Bin Ladenists are engaged in a rivalry with Khomeniists for leadership of the international, radical Jihadi movement. Baathism (pan-Arabism and Arab supremacism) is largely a spent force but its remnants have merged both with bin Ladenism (e.g. in the 1990s, Saddam “got religion”; “secular” Fatah has produced the al-Aksa Martyrs Brigades and reveres both Saddam and bin Laden), and with Khomeinism (the Damascus – Tehran axis).

We are struggling to come up with a term that (1) accurately describes the network of ideologies and movements that have risen up with the “Muslim world” (I hate that phrase) and which seek to defeat America and its allies, a term which also (2) clearly conveys to the average person in the West that this is an enemy who must be taken seriously.

That's a real puzzle, isn't it? You have a bunch of separate groups with a bunch of separate goals, who each hate us for separate reasons and which pose varying threats to us. They aren’t united and many have a history of direct conflict with each other.

Granted, there are common threads. They all oppose us to varying degrees and for varying reasons that mostly all go back to 1. Our support of Israel, 2. Our quest for cheap reliable oil.

Those who aren't busy playing cowboys-and-Indians can see that these groups are not unified.
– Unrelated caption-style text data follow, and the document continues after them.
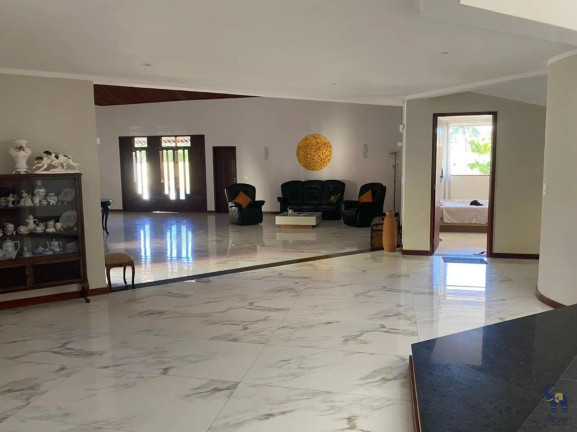 Imagem Casa com 6 Quartos à Venda, 622 m² em Itapua - Salvador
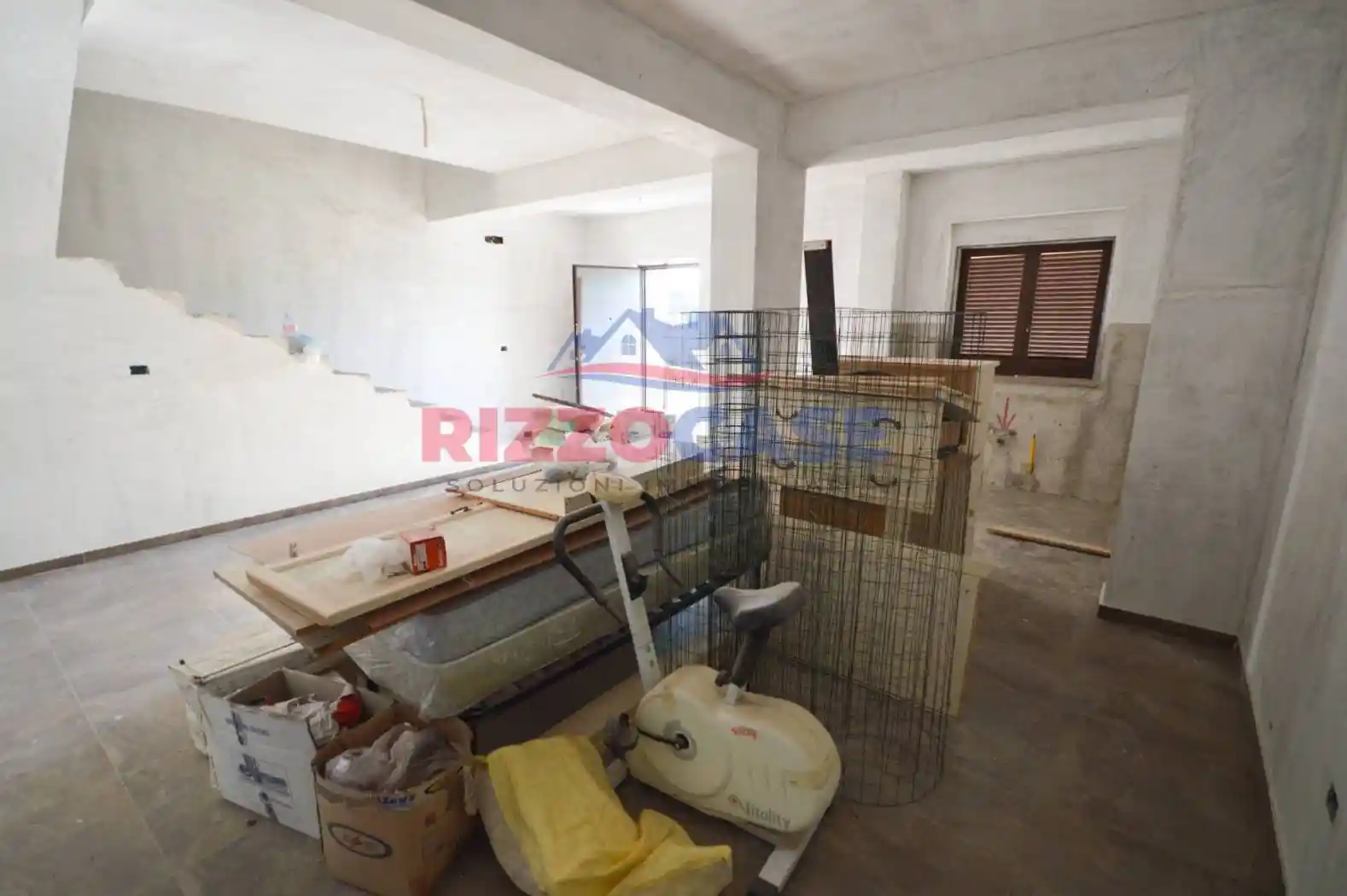 Villa a schiera via Ucraina snc, Mirto, Crosia - foto 3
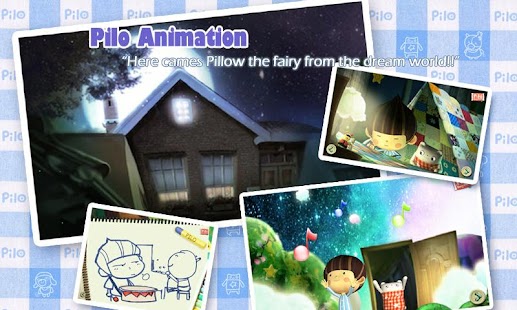 How to get Pilo2 Interactive Story Book 2.2.1 unlimited apk for android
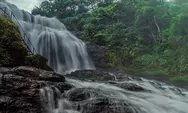 Indahnya Kebangetan, Ini Dia 5 Air Terjun atau Curug Terindah di Jawa Barat, Kamu Pasti Bakal Ucap Syukur Kalau Melihatnya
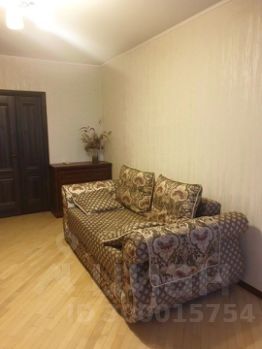 1-комн.кв., 50 м², этаж 11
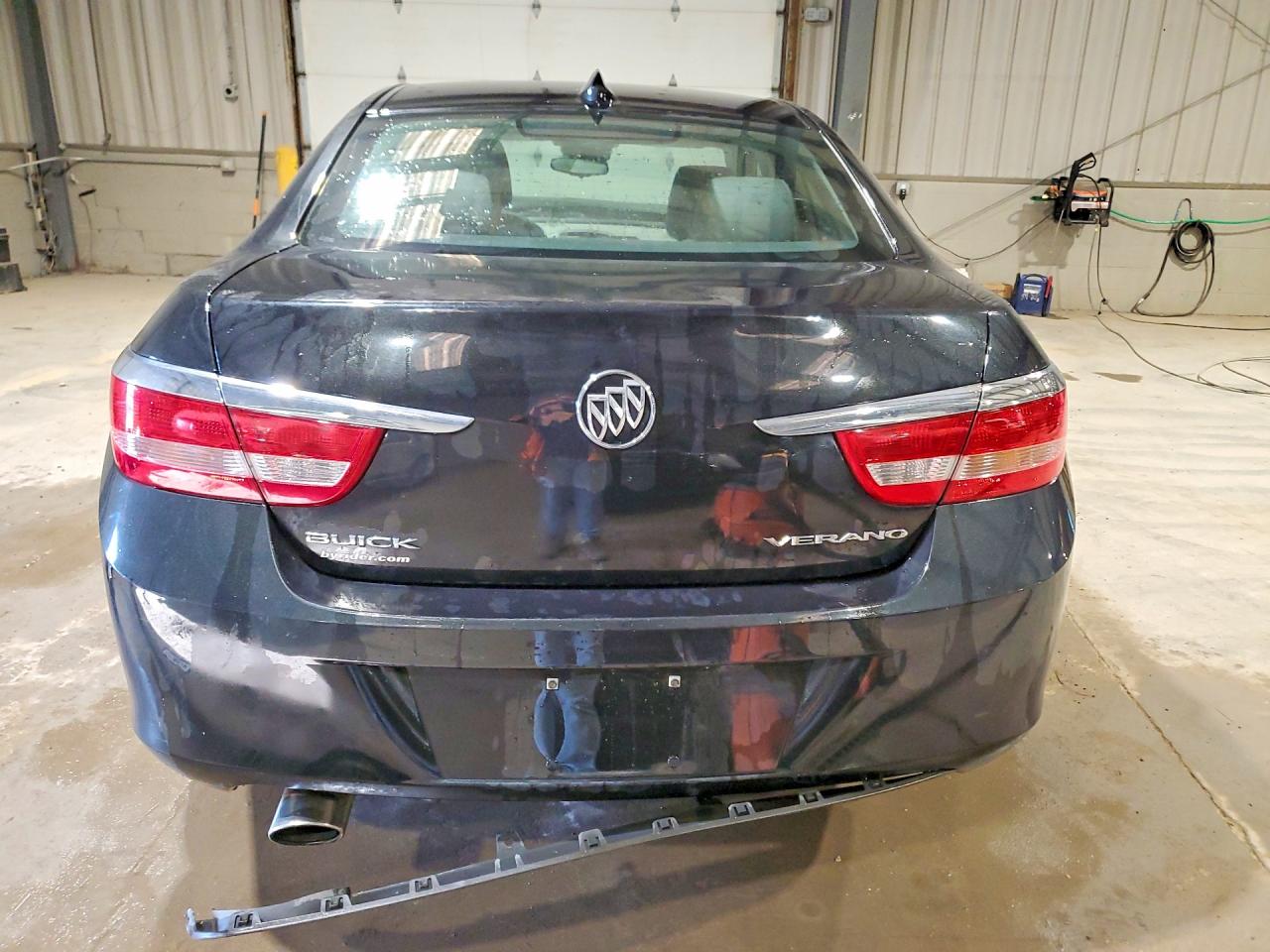 Buick Verano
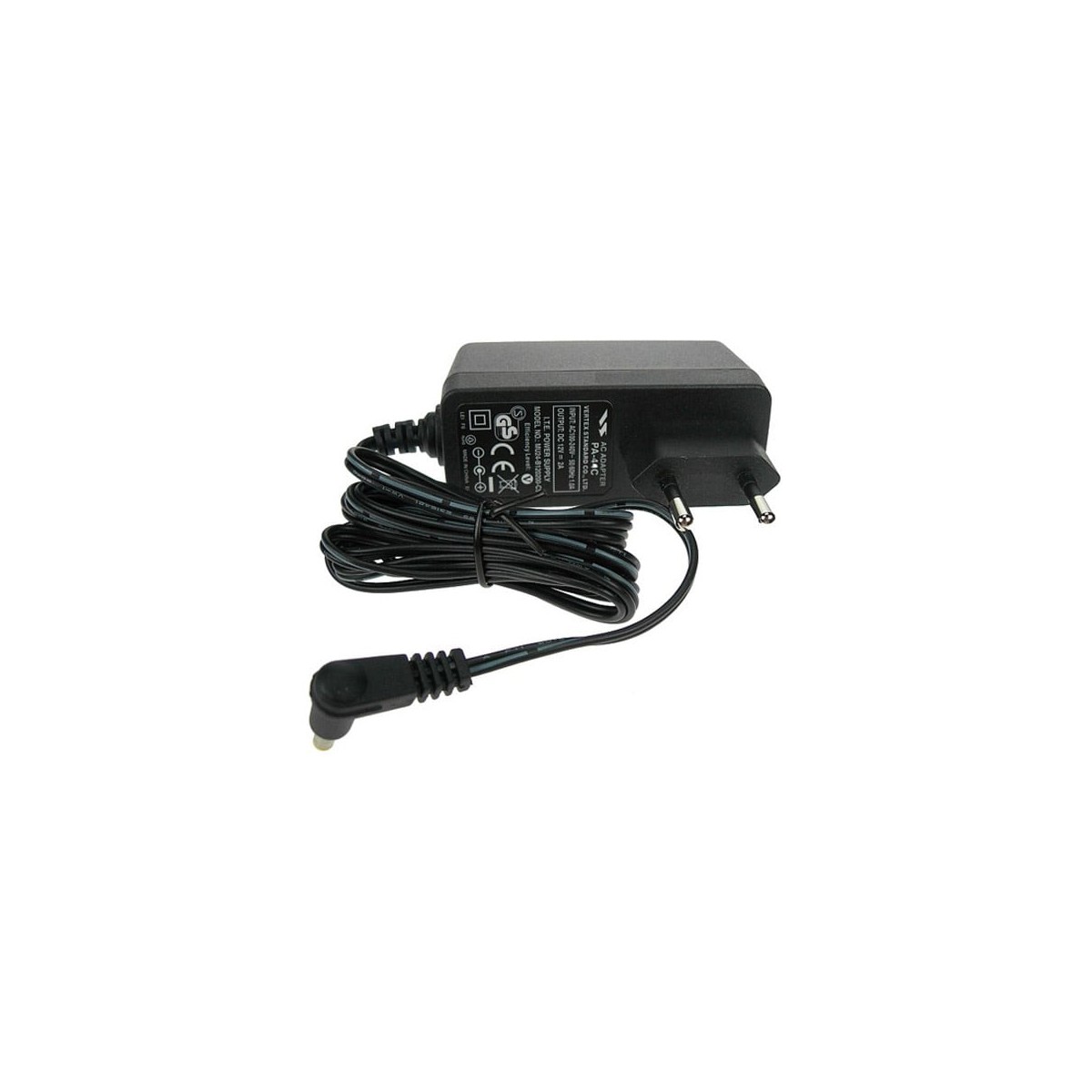 230V/12V Ladegerät für HX280E / HX370E / HX851E / HX290E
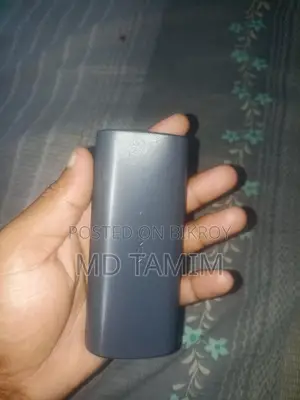 New Nokia 105 Black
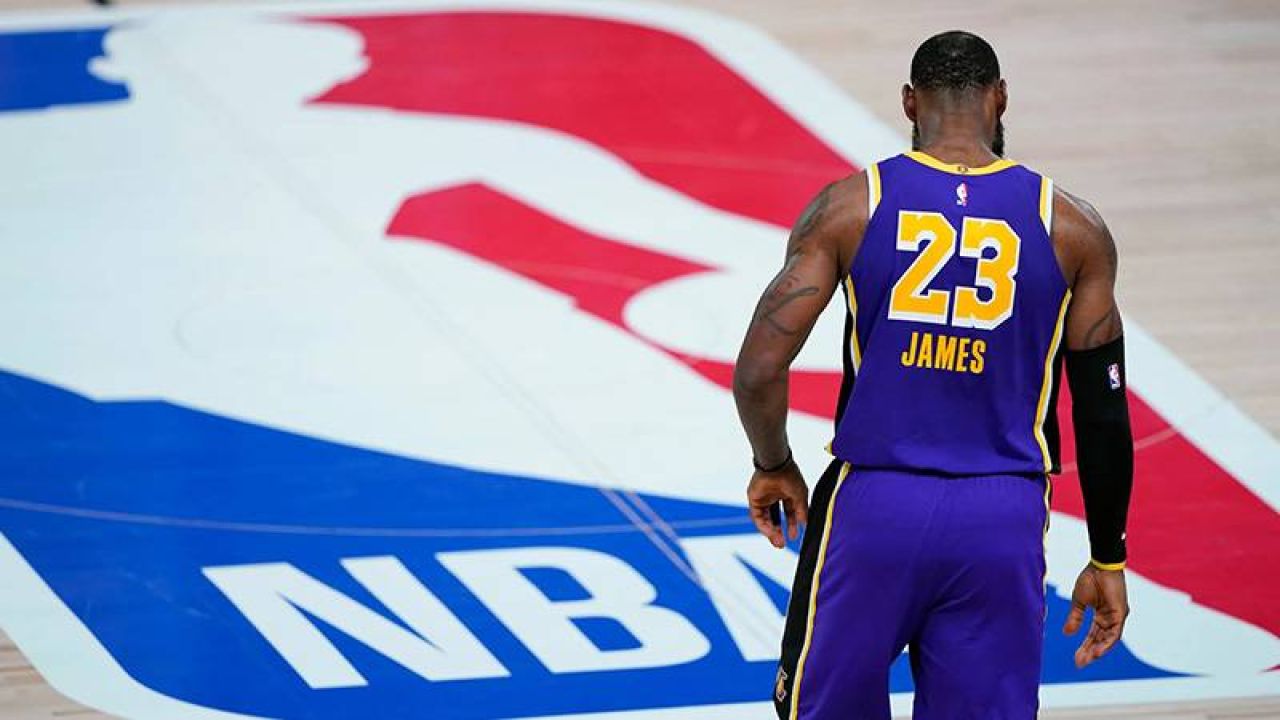 LeBron James'ten Emeklilik Sorularına Net Yanıt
They can see that is a strategic advantage. Some of them are dangerous to US interests. Some of them are not. Some of them can be reasoned with or bought off, some of them cannot. Some of them can be contained, some require military a response.

Those who are unable to see the distinction between these groups put the US at a strategic disadvantage. Though they think of themselves as clear-eyed defenders of us all they should remember that Neville Chamberlain did to.

5 comments:

Aaron said...

http://thepartyline.blogspot.com/2006/08/asj.html

Aaron said...

Also, the reasons for anti-Americanism in the Middle East are multiple and aren't entirely our responsibility. They would still hate us if we gave up support for Israel and didn't quest for cheap oil.

Tommaso Sciortino said...

Agreed. That's why I said "*mostly* go back to 1 and 2".

Aaron said...

well, but I don't think that 1 and 2 are really the determining factors. oppressive governments that treat their people terribly and only allow venues of criticism to an elite priest caste -- and even then only allow them freedom to criticize the Western world -- are the real factor in play, I'd argue.

Aaron said...

although, to be fair, our questing for cheap oil has certainly helped to produce said governments.